The scenes originating in the apocryphal Gospels that remain a feature of the depiction of Life of the Virgin have fewer equivalents in the Life of Christ, although some minor details, like the boys climbing trees in the Entry to Jerusalem, are tolerated. The Harrowing of Hell was not an episode witnessed or mentioned by any of the Four Evangelists but was approved by the Church, and the Lamentation of Christ, though not specifically described in the Gospels, was thought to be implied by the accounts there of the episodes before and after. Vernacular art was less policed by the clergy, and works such as some medieval tiles from Tring can show fanciful apocryphal legends that either hardly ever appeared in church art, or were destroyed at some later date.[7]

By the Gothic period the selection of scenes was at its most standardized. Emile Mâle's famous study of 13th-century French cathedral art analyses many cycles, and discusses the lack of emphasis on the "public life [which] is dismissed in four scenes, the Baptism, the Marriage at Cana, the Temptation and the Transfiguration, which moreover it is rare to find all together".[8]

Cycles

Duccio's Temptation on the Mount from his Maestà (1308-1311)
The rear of Duccio's Maestà. The middle section has the Passion sequence, beginning with the entry to Jerusalem (bottom left) and ending with Noli me tangere, top right, 2nd row; sequence. Below are the Works, above the post-Resurrection scenes. The birth and childhood scenes are on the front, as part of a Life of the Virgin.

Early Christian art contains a number of narrative scenes collected on sarcophagi and in paintings in the Catacombs of Rome. Miracles are very often shown, but the Crucifixion is absent until the 5th century, when it originated in Palestine, soon followed by the Nativity in much the form still seen in Orthodox icons today. The Adoration of the Magi and the Baptism are both often found earlier, but the choice of scenes is very variable.

The only Late Antique monumental cycles to have survived are in mosaic: Santa Maria Maggiore in Rome has a cycle from 432–430 on the birth and infancy of Christ together with other scenes from the Life of the Virgin, the dedicatee of the church.[9] Sant'Appollinare Nuovo in Ravenna has cycles on opposite walls of the Works and Passion of Christ from the early 6th century. The Passion is notable for still not containing, among its thirteen scenes, a Crucifixion, and the Works contains eight miracles in its thirteen scenes. Neither of these features was to be typical of later art, but they are comparable to features of cycles in smaller objects of the period such as carved caskets and a gold pendant medallion of the late 6th century.[10]

For the rest of the Early Medieval period illuminated manuscripts contain the only painted scenes to have survived in quantity, though many scenes have survived from the applied arts, especially ivories, and some in cast bronze. The period of Christ's Works still seems relatively prominent compared to the High Middle Ages.[11]
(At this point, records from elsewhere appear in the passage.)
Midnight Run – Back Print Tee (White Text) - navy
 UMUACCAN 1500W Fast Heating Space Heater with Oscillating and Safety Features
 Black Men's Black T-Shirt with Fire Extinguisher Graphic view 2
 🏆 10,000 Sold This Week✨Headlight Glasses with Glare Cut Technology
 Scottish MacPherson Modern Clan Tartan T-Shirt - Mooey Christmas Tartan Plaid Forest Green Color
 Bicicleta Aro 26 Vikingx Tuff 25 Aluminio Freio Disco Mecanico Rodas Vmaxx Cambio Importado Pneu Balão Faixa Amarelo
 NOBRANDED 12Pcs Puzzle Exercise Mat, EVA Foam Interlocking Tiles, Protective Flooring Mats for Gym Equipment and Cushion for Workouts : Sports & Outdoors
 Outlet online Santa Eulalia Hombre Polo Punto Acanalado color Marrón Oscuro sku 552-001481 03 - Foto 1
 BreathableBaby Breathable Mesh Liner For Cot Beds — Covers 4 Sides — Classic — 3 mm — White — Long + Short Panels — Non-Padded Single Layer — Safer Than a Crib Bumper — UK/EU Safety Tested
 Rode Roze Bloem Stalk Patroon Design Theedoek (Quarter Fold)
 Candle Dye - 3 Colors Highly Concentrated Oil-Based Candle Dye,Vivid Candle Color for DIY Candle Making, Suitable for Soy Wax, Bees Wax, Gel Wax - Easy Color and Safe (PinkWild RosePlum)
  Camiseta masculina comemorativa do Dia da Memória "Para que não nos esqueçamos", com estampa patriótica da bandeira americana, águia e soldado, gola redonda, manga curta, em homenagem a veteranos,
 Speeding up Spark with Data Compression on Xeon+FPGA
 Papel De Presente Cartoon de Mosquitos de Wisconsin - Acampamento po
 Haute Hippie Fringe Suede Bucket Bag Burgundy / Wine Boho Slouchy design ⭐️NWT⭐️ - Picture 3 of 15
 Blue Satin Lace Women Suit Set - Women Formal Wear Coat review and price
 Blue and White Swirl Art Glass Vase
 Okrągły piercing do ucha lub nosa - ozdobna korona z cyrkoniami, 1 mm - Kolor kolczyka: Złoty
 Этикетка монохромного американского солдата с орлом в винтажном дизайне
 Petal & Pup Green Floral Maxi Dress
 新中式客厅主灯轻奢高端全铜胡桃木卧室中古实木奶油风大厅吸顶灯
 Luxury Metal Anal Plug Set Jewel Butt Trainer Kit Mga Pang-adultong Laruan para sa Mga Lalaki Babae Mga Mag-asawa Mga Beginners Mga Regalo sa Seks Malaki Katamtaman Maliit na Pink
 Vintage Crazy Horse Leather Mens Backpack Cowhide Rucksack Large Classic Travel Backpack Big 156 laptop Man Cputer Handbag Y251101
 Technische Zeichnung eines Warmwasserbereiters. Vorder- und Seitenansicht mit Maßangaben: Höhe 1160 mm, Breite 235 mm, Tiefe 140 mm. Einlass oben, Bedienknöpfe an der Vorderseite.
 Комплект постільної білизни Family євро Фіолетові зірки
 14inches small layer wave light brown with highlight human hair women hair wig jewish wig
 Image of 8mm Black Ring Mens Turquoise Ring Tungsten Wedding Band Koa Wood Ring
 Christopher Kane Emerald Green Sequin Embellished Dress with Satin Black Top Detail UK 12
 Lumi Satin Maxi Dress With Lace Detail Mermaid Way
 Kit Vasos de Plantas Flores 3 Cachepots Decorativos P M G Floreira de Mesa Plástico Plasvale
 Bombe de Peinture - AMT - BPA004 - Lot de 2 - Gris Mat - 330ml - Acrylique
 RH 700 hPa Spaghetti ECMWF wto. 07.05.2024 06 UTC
Although this was the period when the Gospel book was the main type of manuscript to receive lavish illumination in this period, the emphasis was on depicting Evangelist portraits, and relatively few contained narrative cycles; these are in fact more common in psalters and other types of book, especially from the Romanesque period. Where there were cycles of illustrations in illuminated manuscripts, these were normally collected together at the start of the book, or of the Gospels, rather than appearing throughout the text at the relevant places, something hardly found in Western manuscripts at all, and slow to develop in printed bibles. In the East this was more common; the 6th-century Byzantine Sinope Gospels has an unframed miniature at the bottom of every surviving page, and this style of illustrating the Gospels continued to be found in later Greek Gospel books, compelling the artist to devote more pictures to the Works. Scenes with miracles were more often found in cycles of the life of Saint Peter and other apostles, from late antique sarcophagi[12] to the Raphael Cartoons.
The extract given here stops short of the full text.